POLAR CO-ORDINATE POSITIONING
SYSTEM FOR UNMANNED VEHICLE
(Control Logic and Algorithm)
Automatic Positioning Mode:
Thumb Rules in Practical Implementation:
 When the co-ordinates of the final position are given to the vehicle,
the routine of the vehicle is such that it can only move the required
distance in the forward direction and turn only in the anticlockwise
direction using differential drive by left-handed system.
 The co-ordinate system also follows only the left-handed system.
 In all the consecutive routines, the final position of the vehicle in a
given routine becomes the initial position of the vehicle for the next
routine. Hence,
r1, t1 – initial co-ordinates with respect to the centre.
r2, t2 – final co-ordinates with respect to the centre.
 The calculation of distances and angles to be handled by the vehicle
involve usage of triangles and trigonometric ratios. So, in all the
calculations, the following conventions are followed,
x, y, z – The three sides of the triangle formed.
X, Y, Z – The angles opposite to the three sides (i.e., X is the
angle opposite to the side x, etc.)
So, for a given routine, as a standard,
x= r2 (final position radius w.r.t centre)
z= r1 (initial position radius w.r.t centre)
y= distance which the vehicle must physically move in
order to reach final position from initial position.
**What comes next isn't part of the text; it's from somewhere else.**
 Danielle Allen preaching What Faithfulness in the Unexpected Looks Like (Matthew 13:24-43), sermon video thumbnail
X= Internal angle of the triangle formed at the initial
vehicle position.
Y= Internal angle of the triangle formed at the centre
point (given by t1~t2).
Z= Internal angle of the triangle formed at the final
vehicle position.
 The vehicle is designed to orient itself in the direction of the centre
point after it reaches final position at the end of each routine. Thus, it
homes itself in the direction of base.
 In order to have a valid initial position, by default we make the
vehicle travel to a point (20, 90) where r is in cm and t is in degrees.
After this routine, any value of r, t may be fed into the vehicle.
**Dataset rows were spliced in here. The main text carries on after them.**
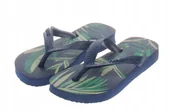 Klapki i japonki damskie - Havaianas Klapki Granatowe Z Nadrukiem Palmy 27-28 J1A - miniaturka - grafika 1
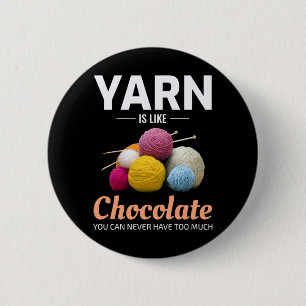 Badge Rond 5 Cm Crochet Crochet Tricot chocolat Crochet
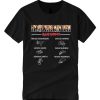 Iron Maiden Rock Band Signatures T Shirt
Cases involved in the positioning of the unmanned vehicle:
There are 4 cases involved overall depending only on the angle difference
between initial and final positions i.e., t1~t2:
i. t1~t2=0 deg. (there is no change in angle but only in the distance)
ii. t1~t2=180 deg. (the two points are opposite to each other)
iii. t1~t2<180 deg.
iv. t1~t2>180 deg.
i. t1~t2=0 deg:
In this case, two sub-cases arise:
a)
r1<r2:
Assuming that vehicle is already pointing towards the centre at P1,
Distance to be moved = r2-r1
Angle turn at P1 = 180 deg
Orientation turn at P2 = 180 deg.
b)
r1>r2:
Distance to be moved = r1-r2
Angle turn at P1= Orientation turn at P2= 0 deg.
ii. t1~t2=180 deg:
Distance to be moved = r1+r2
Angle turn at P1=0 deg.
Orientation turn at P2= 180 deg.
iii. t1~t2<180 deg:
Two sub-cases arise,
a)
t1<t2:
Here, Y= t2-t1; x=r2; z=r1
b)
Distance to be moved y= (x^2+z^2-2*x*z*cos Y)^0.5
y/sin Y=z/sin Z, Z= inv sin(z*sinY/y)
X=180-(Z+Y)
Angle turn at P1=360-X
Orientation turn at P2= X+Y
t1>t2:
Here, Y= t1-t2; x=r2; z=r1
Distance to be moved y= (x^2+z^2-2*x*z*cos Y)^0.5
y/sin Y=z/sin Z, Z= inv sin(z*sinY/y)
X=180-(Z+Y)
Angle turn at P1=X
Orientation turn at P2= 360-(X+Y)
iv. t1~t2>180 deg:
Two sub-cases arise,
a)
t1<t2:
Here, Y= 360-(t2-t1); x=r2; z=r1
Distance to be moved y= (x^2+z^2-2*x*z*cos Y)^0.5
y/sin Y=z/sin Z, Z= inv sin(z*sinY/y)
X=180-(Z+Y)
Angle turn at P1=X
Orientation turn at P2= 360-(X+Y)
b)
t1>t2:
Here, Y= 360-(t1-t2); x=r2; z=r1
Distance to be moved y= (x^2+z^2-2*x*z*cos Y)^0.5
y/sin Y=z/sin Z, Z= inv sin(z*sinY/y)
X=180-(Z+Y)
Angle turn at P1=360-X
Orientation turn at P2= X+Y
Hence, it is observed that all the possible cases are covered.